Activity
In the listing below, find each line containing "avec" and report it.

Data for this exercise
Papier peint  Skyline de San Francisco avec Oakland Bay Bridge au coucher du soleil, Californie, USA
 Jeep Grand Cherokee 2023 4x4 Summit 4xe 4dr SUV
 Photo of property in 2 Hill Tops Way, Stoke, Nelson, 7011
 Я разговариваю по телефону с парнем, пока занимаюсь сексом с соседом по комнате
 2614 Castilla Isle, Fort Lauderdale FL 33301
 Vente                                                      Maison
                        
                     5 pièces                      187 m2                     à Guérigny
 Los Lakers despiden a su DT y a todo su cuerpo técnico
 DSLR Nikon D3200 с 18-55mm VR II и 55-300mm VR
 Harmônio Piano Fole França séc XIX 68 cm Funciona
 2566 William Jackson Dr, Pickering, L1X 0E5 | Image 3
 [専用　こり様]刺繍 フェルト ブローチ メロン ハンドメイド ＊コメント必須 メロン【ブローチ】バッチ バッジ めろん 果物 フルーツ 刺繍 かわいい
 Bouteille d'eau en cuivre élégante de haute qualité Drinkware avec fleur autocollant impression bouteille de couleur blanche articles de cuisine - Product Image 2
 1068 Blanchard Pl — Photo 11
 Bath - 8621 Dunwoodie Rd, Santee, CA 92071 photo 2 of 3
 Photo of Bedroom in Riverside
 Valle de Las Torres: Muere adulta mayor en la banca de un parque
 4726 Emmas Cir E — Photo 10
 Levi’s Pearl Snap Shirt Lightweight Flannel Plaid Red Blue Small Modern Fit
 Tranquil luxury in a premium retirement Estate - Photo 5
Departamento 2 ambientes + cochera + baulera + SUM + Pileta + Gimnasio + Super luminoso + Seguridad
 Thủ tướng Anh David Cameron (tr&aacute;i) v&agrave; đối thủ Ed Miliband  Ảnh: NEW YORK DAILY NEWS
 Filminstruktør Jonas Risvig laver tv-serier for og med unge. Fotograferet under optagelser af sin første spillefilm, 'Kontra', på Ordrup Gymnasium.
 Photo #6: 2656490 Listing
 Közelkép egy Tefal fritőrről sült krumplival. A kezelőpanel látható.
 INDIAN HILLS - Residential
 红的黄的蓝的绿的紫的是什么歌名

Answer space
Papier peint  Skyline de San Francisco avec Oakland Bay Bridge au coucher du soleil, Californie, USA
 Bouteille d'eau en cuivre élégante de haute qualité Drinkware avec fleur autocollant impression bouteille de couleur blanche articles de cuisine - Product Image 2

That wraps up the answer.